_Aim of the exercise:_
Reproduce the entries that follow precisely, setting aside any images.

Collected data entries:

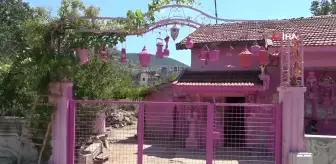 Ispartalı 75 yaşındaki Sakine teyzenin 'Pembe' hayatı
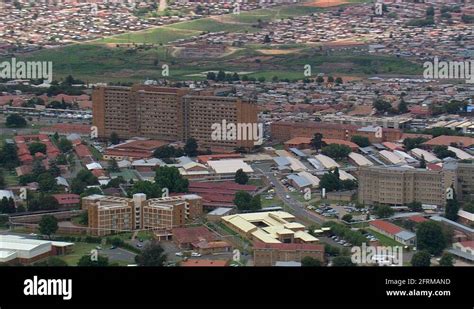 Hospital Soweto Stock Videos And Footage Hd And 4k Video Clips Alamy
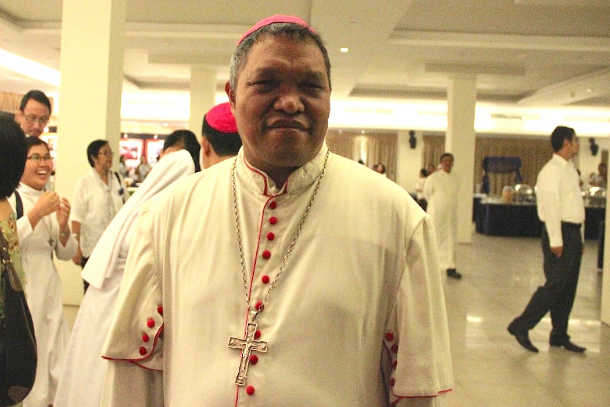 Church gives scandal-hit Indonesian bishop second chance 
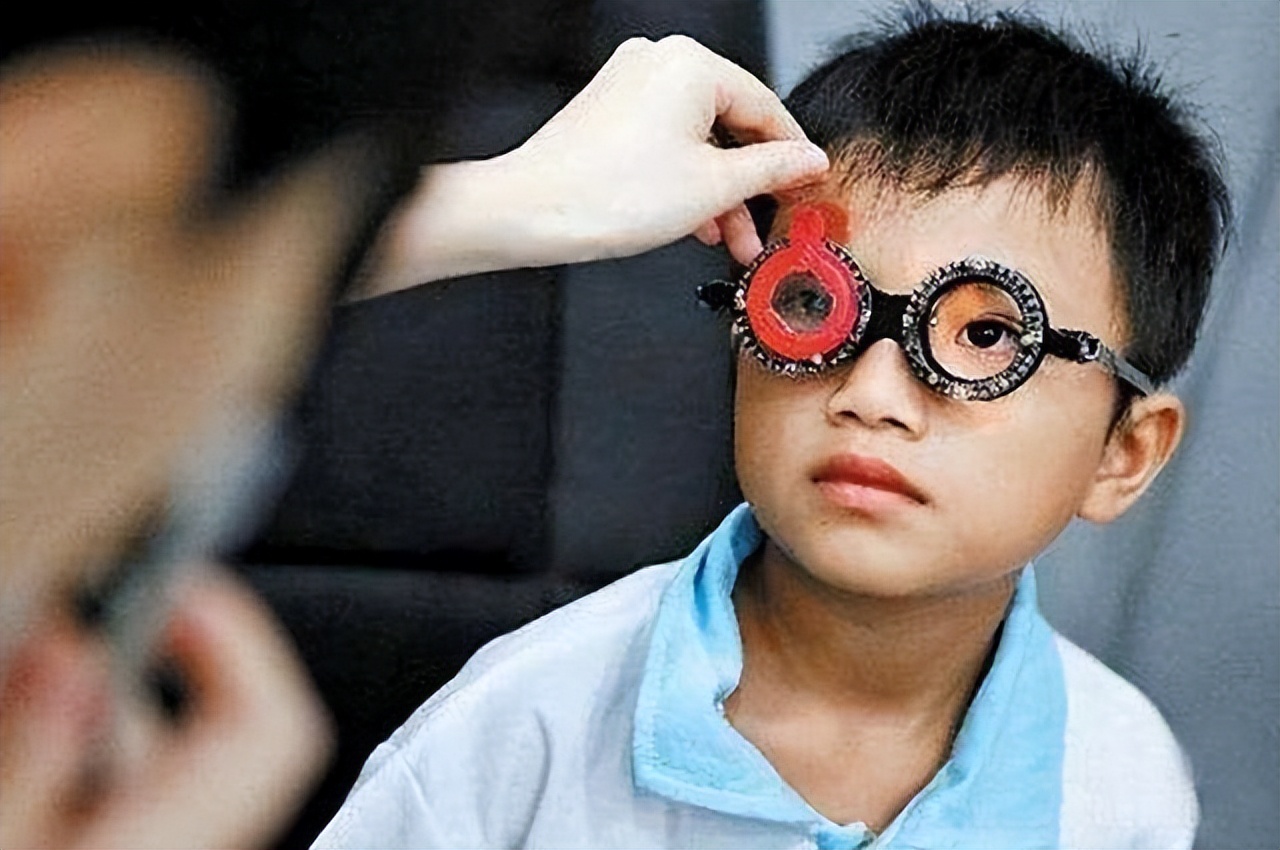 怎样才对宝宝的视力有帮助,不同月龄宝宝视力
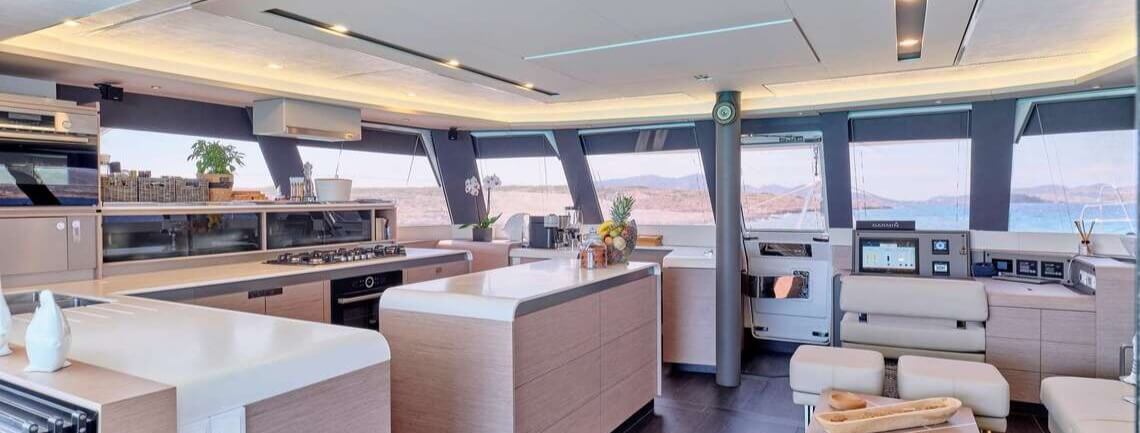 Alma Fountaine Pajot 13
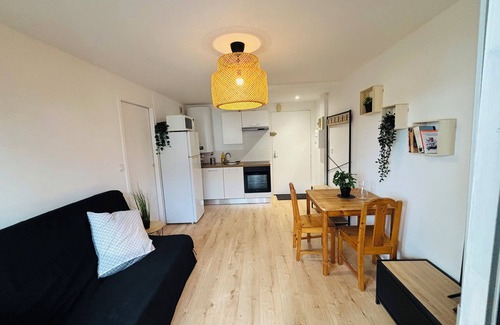 Villers-sur-Mer Apartment | Le cocon, renovated apartment 200 m from the sea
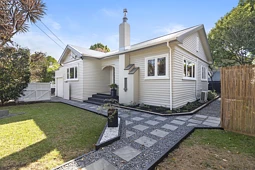 77A Canal Road, Avondale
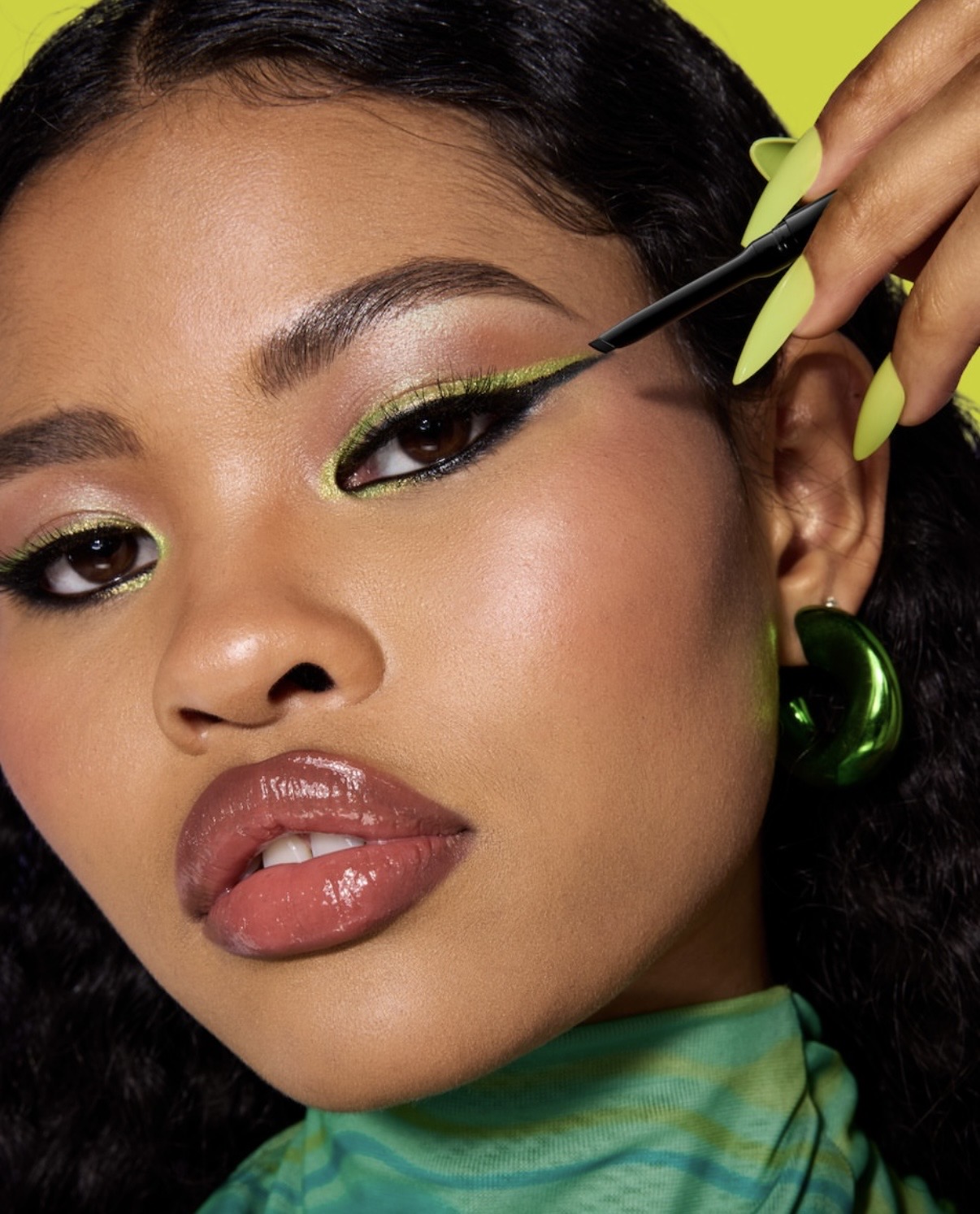 best-long-lasting-eyeliners-to-buy-for-all-day-definition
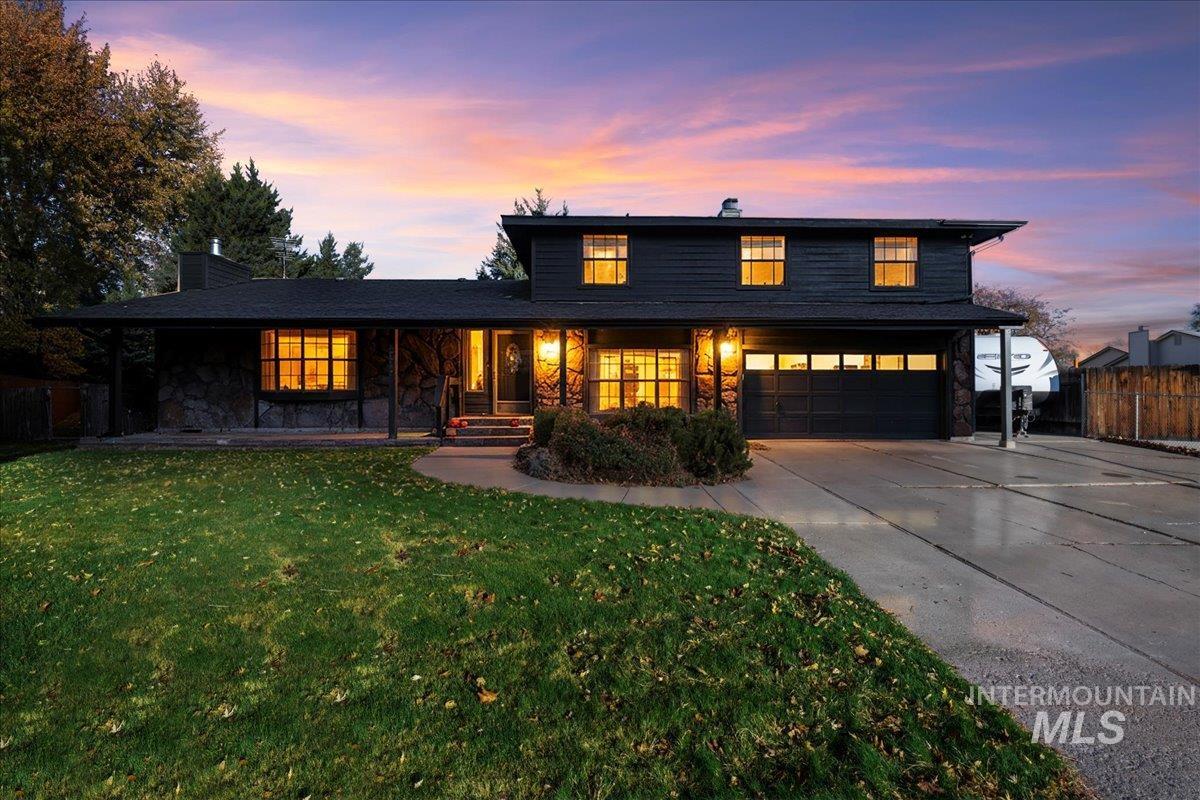 1375 Owyhee Dr, Mountain Home, Idaho 83647, 4 Bedrooms, 2.5 Bathrooms, Residential For Sale, Price $410,000,MLS 98967316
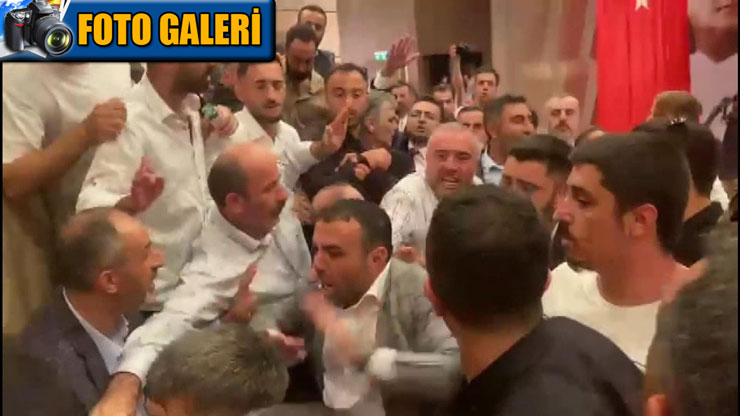 chp-istanbul-il-kongresinde-arbede-foto-galeri.jpg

_Written reply:_
 Ispartalı 75 yaşındaki Sakine teyzenin 'Pembe' hayatı
 Hospital Soweto Stock Videos And Footage Hd And 4k Video Clips Alamy
 Church gives scandal-hit Indonesian bishop second chance 
 怎样才对宝宝的视力有帮助,不同月龄宝宝视力
 Alma Fountaine Pajot 13
 Villers-sur-Mer Apartment | Le cocon, renovated apartment 200 m from the sea
 77A Canal Road, Avondale
 best-long-lasting-eyeliners-to-buy-for-all-day-definition
 1375 Owyhee Dr, Mountain Home, Idaho 83647, 4 Bedrooms, 2.5 Bathrooms, Residential For Sale, Price $410,000,MLS 98967316
 chp-istanbul-il-kongresinde-arbede-foto-galeri.jpg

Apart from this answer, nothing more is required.